» **YOUR INSTRUCTIONS**: Write out only the lines from the line containing "Samay Blue Voluminous Maxi With Dupatta" to the end of the listing below, both included, exactly as they stand. Drop the pictures.
# # #
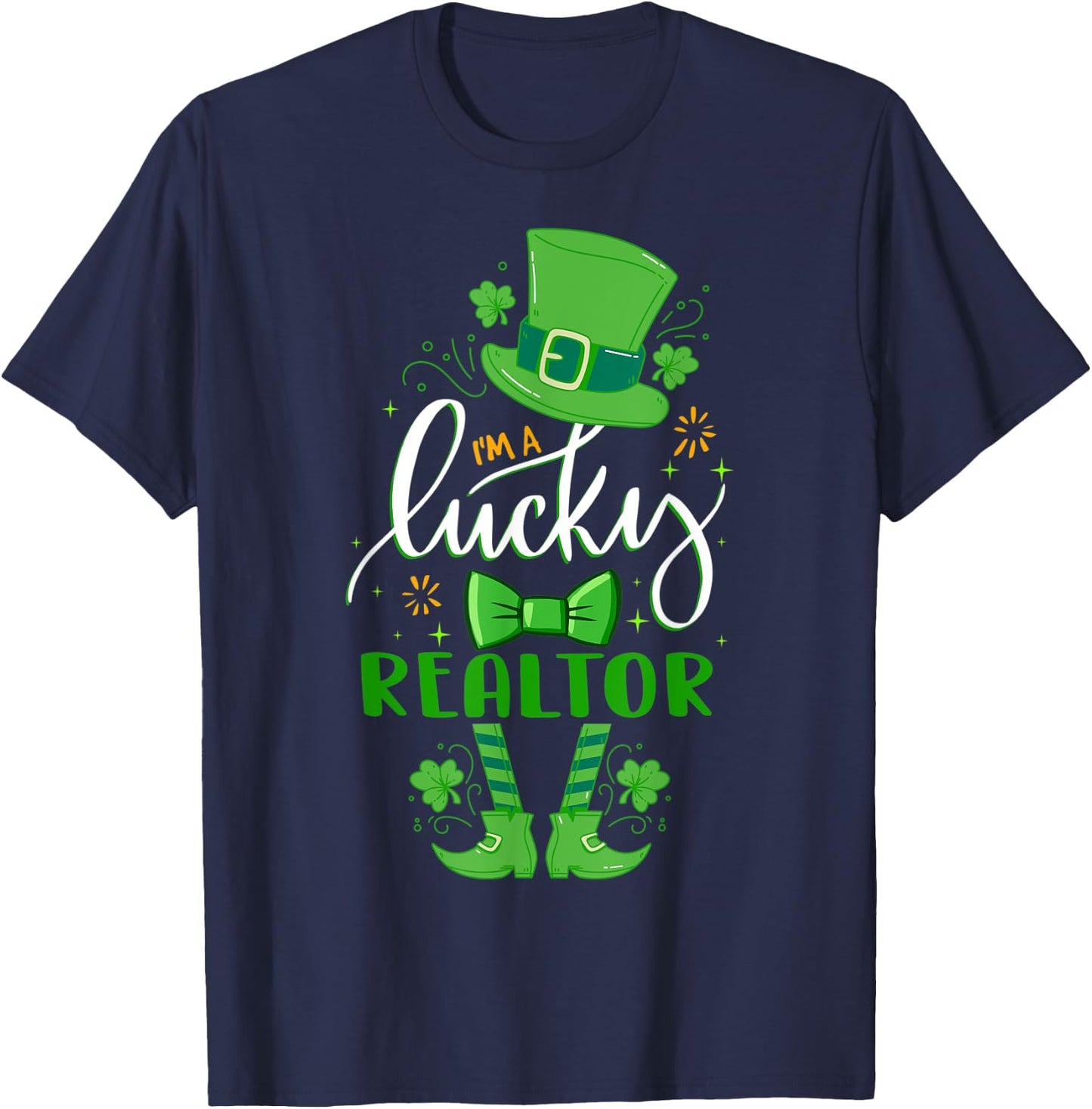 Matching St Patricks Day Leprechaun I'm a Lucky Realtor T-Shirt - T-Shirt | Navy
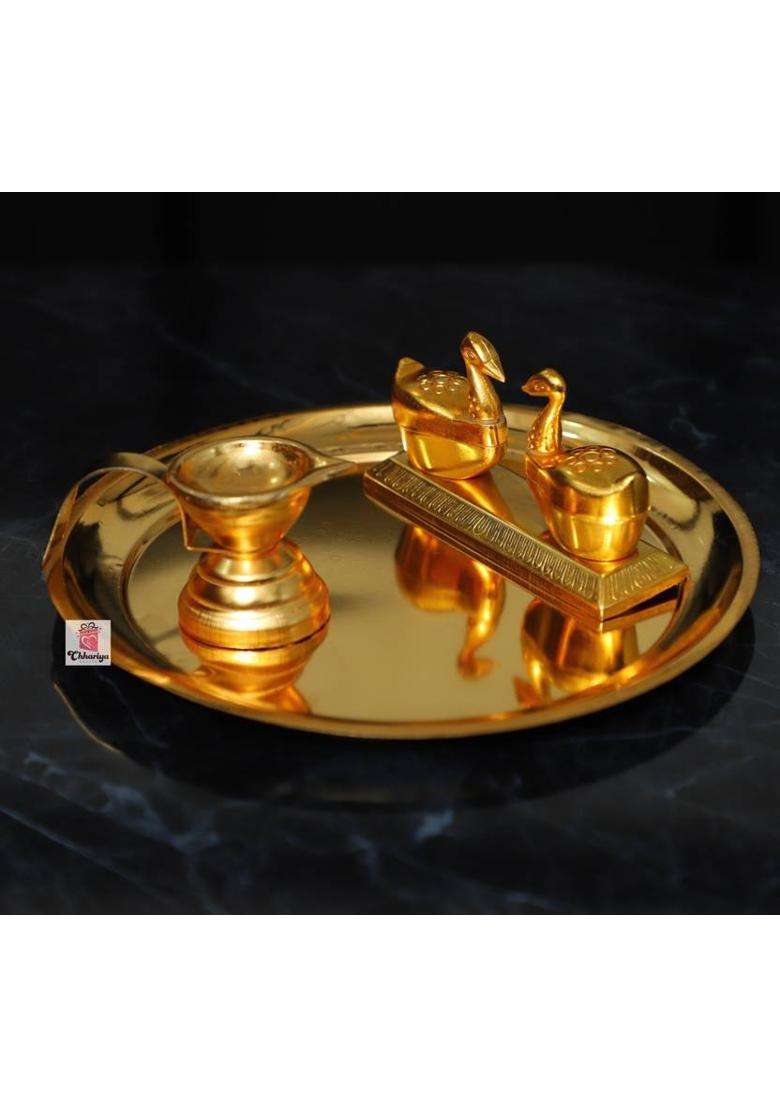 Chhariya Crafts Metal Pooja Thali With Diya And Kumkum Box Duck From Home Office Gift Items Aluminium (3 Pieces Gold) - Indya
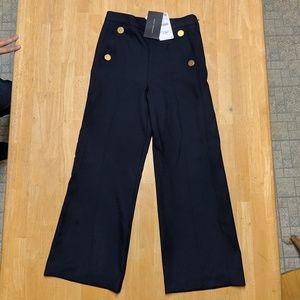 NWT Zara Woman Wide Leg Navy pants xs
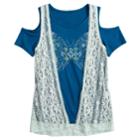 Girls 7-16 & Plus Size Mudd&reg; Cold Shoulder Graphic Print Tee & Crochet Vest Set, Size: 20 1/2, Dark Blue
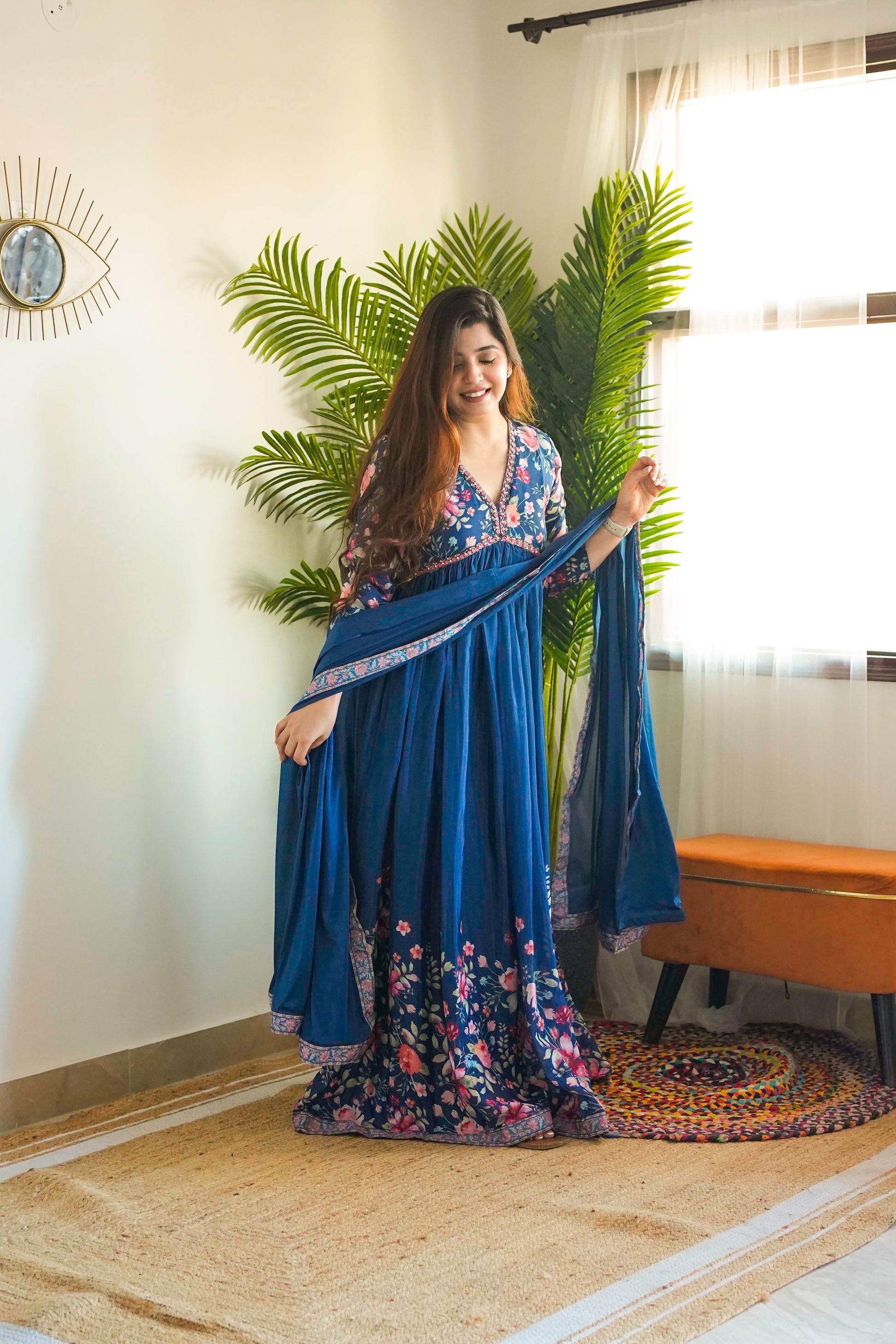 Samay Blue Voluminous Maxi With Dupatta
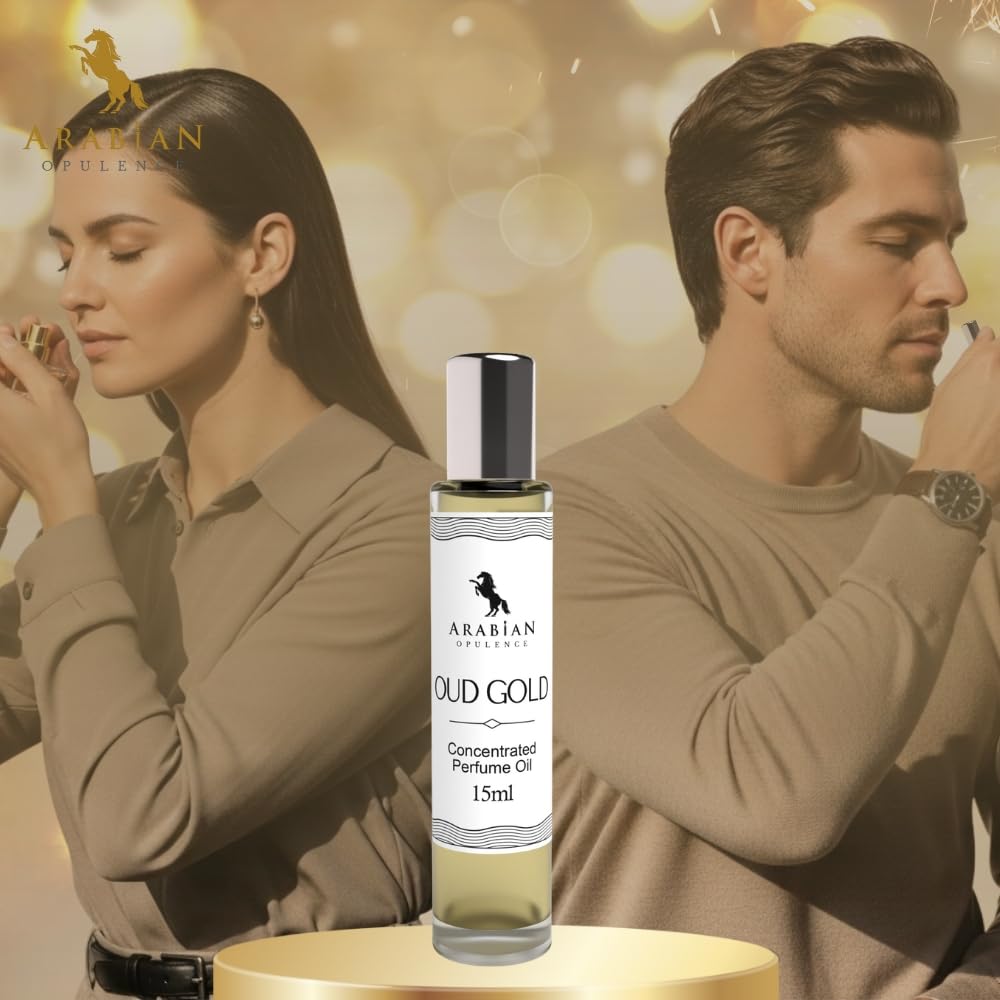 Arabian Opulence – FR105 Oud Gold Perfume Oil Roll-On 15 ml | Unisex | Alcohol-Free Attar | Deep, Woody, Long-Lasting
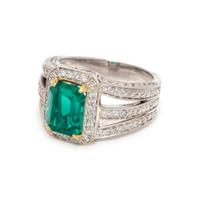 SYNTHETIC EMERALD AND DIAMOND RING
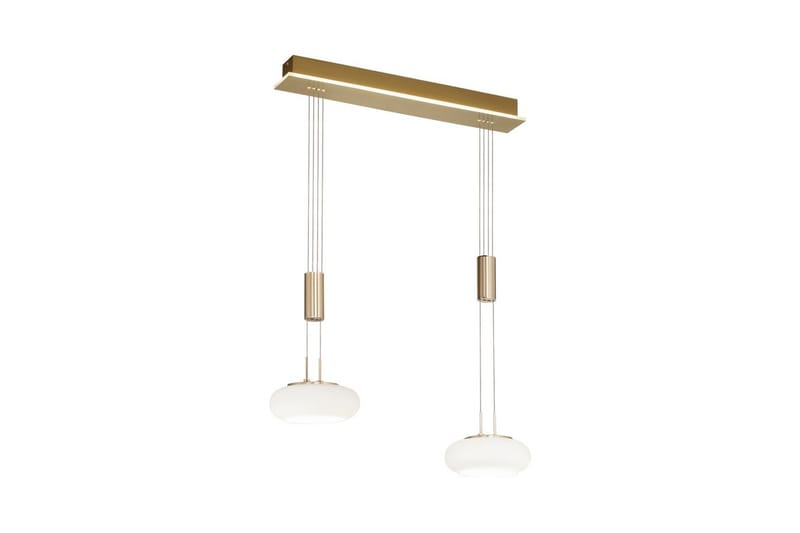Pendellampe Q-Etienne - 20x200x65 cm, Messing Matt - Belysning - Innendørsbelysning & Lamper - Taklampe - Pendellamper & Hengelamper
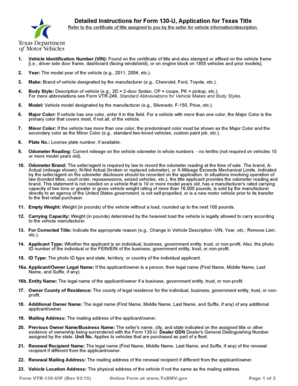 Texas Title Application Form 130-U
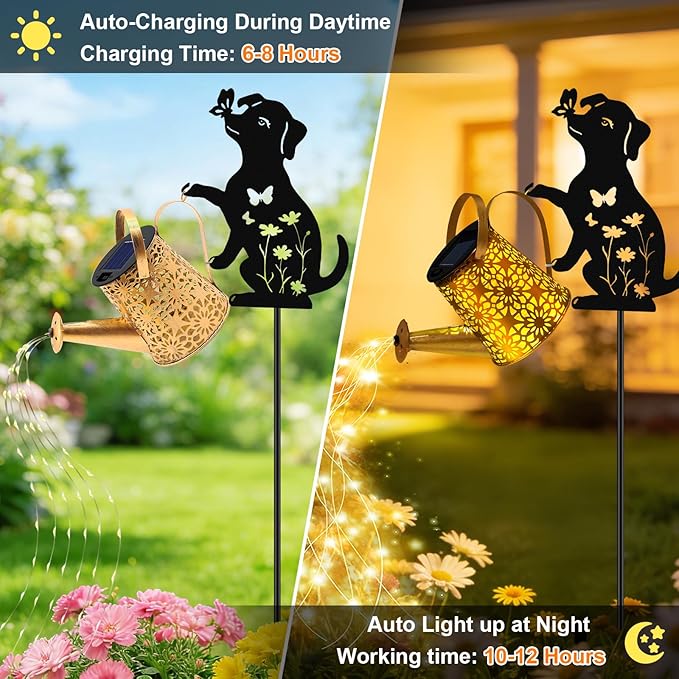 VOOKRY Solar Watering Can Lights Outdoor with Dog Silhouette Stake, Garden Gifts for Mom, Women & Garden Lovers Waterproof Metal Garden Lantern, Decorative Yard Patio Lawn Pathway Decor(2 Pack)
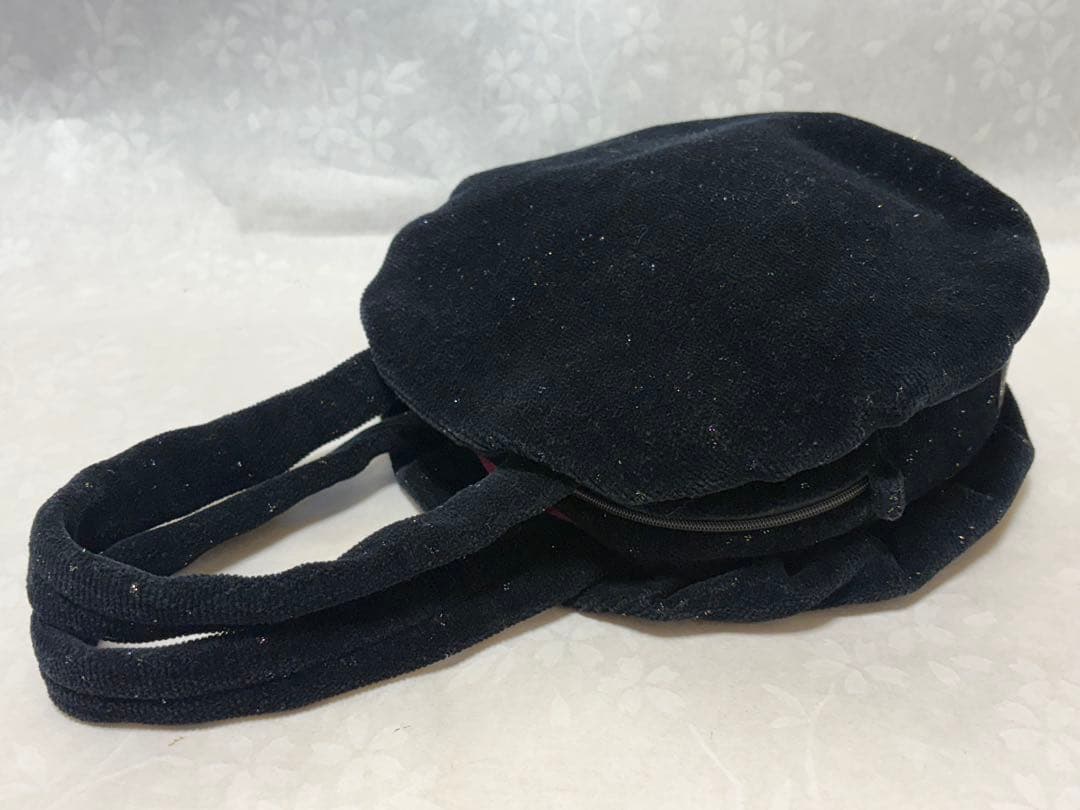 【美品】FEILER フェイラー　ハンドバッグ　ラウンド　ラメ　ブラック　希少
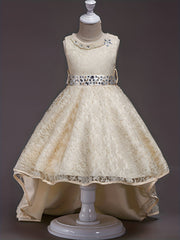 Girls Sleeveless Puffy Princess Dress Tulle Lace Beaded Rhinestone
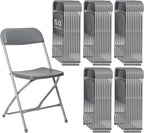 50 Pack Plastic Grey Folding Chairs,Portable Party Chairs Stackable Commercial Seats with Steel Frame for Office Home Outdoor Indoor Wedding Party Patio Dinning Events,350lbs Capacity
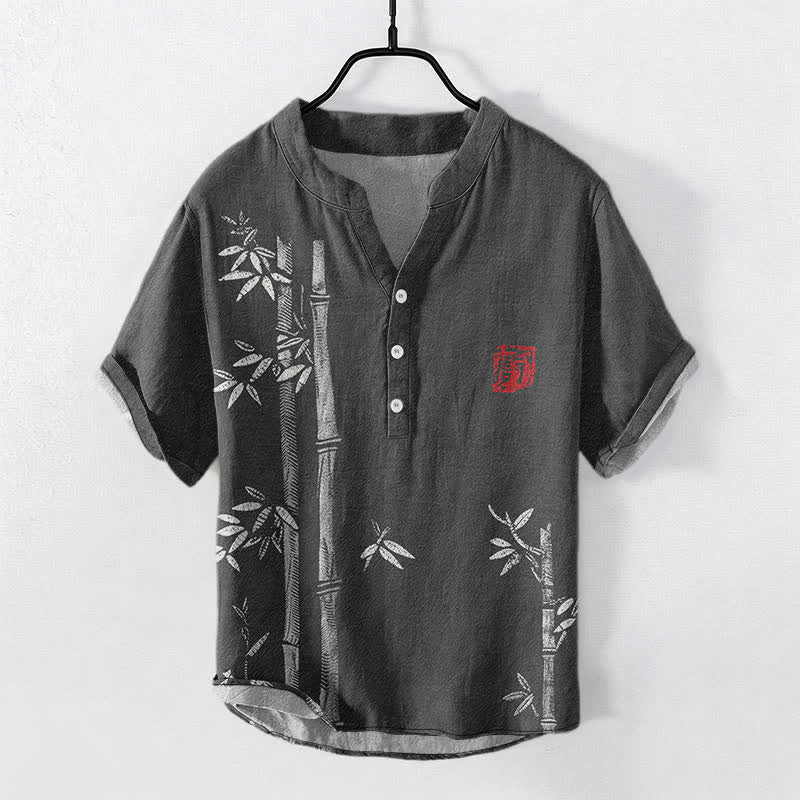 Buddha Stones Chemise homme à manches courtes et demi-boutonnée, motif bambou, encre de coton - Noir - US/UK/AU50，EU60 (5XL) - image 0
# # #
» **ANSWER BOX**:
 Samay Blue Voluminous Maxi With Dupatta
 Arabian Opulence – FR105 Oud Gold Perfume Oil Roll-On 15 ml | Unisex | Alcohol-Free Attar | Deep, Woody, Long-Lasting
 SYNTHETIC EMERALD AND DIAMOND RING
Pendellampe Q-Etienne - 20x200x65 cm, Messing Matt - Belysning - Innendørsbelysning & Lamper - Taklampe - Pendellamper & Hengelamper
 Texas Title Application Form 130-U
 VOOKRY Solar Watering Can Lights Outdoor with Dog Silhouette Stake, Garden Gifts for Mom, Women & Garden Lovers Waterproof Metal Garden Lantern, Decorative Yard Patio Lawn Pathway Decor(2 Pack)
 【美品】FEILER フェイラー　ハンドバッグ　ラウンド　ラメ　ブラック　希少
 Girls Sleeveless Puffy Princess Dress Tulle Lace Beaded Rhinestone
 50 Pack Plastic Grey Folding Chairs,Portable Party Chairs Stackable Commercial Seats with Steel Frame for Office Home Outdoor Indoor Wedding Party Patio Dinning Events,350lbs Capacity
 Buddha Stones Chemise homme à manches courtes et demi-boutonnée, motif bambou, encre de coton - Noir - US/UK/AU50，EU60 (5XL) - image 0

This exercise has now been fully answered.